_Problem to solve:_
In the records below, find every line that contains "Diesel" and list it.

· · · ·

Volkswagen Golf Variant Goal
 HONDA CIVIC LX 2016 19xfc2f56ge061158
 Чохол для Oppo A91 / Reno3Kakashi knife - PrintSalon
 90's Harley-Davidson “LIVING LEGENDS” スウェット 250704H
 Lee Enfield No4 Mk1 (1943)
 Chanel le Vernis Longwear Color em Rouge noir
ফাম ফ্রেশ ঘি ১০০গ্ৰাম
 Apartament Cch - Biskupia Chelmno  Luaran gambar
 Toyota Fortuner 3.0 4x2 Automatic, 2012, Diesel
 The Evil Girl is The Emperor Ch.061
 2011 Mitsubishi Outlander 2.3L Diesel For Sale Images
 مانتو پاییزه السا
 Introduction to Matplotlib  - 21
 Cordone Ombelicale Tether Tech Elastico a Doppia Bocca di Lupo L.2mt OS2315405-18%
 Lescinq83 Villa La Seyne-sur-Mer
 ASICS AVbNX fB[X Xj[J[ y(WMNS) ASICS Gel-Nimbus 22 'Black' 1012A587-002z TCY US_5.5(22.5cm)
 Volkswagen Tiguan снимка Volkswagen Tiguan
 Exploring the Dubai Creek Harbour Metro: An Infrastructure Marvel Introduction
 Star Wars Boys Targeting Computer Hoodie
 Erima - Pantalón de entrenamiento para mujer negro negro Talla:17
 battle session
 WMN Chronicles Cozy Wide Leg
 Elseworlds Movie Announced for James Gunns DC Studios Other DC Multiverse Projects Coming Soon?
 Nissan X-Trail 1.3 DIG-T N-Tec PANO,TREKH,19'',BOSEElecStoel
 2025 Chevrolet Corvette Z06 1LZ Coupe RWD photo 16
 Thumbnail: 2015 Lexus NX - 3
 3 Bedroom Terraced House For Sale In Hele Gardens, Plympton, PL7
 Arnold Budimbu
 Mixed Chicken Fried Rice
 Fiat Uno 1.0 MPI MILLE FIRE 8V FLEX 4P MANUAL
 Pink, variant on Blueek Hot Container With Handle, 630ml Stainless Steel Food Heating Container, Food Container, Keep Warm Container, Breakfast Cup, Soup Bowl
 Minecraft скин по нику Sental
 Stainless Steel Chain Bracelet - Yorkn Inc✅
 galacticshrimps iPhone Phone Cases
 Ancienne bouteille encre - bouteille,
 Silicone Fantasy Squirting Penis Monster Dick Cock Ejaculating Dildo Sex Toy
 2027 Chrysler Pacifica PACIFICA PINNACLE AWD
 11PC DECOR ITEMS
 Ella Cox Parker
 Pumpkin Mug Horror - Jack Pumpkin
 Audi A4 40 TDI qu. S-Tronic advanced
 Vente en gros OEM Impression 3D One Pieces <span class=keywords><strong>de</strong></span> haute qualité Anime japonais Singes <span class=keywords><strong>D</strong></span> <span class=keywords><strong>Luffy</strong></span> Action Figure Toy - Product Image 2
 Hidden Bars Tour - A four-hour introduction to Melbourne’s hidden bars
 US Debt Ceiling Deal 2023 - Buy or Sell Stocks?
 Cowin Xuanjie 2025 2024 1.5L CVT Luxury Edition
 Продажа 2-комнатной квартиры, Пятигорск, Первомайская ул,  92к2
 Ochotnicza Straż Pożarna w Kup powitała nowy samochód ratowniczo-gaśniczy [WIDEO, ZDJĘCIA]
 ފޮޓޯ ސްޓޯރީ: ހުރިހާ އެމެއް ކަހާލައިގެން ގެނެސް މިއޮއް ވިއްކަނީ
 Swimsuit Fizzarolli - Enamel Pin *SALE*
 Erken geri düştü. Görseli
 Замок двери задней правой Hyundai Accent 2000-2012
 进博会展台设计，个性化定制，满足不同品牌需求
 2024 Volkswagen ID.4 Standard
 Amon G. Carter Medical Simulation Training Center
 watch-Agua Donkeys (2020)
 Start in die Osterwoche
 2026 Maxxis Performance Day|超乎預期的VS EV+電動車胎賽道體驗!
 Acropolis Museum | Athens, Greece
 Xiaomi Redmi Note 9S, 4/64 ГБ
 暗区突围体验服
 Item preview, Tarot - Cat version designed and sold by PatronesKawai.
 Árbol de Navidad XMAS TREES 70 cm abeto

· · · ·

_The completed task:_
 Toyota Fortuner 3.0 4x2 Automatic, 2012, Diesel
 2011 Mitsubishi Outlander 2.3L Diesel For Sale Images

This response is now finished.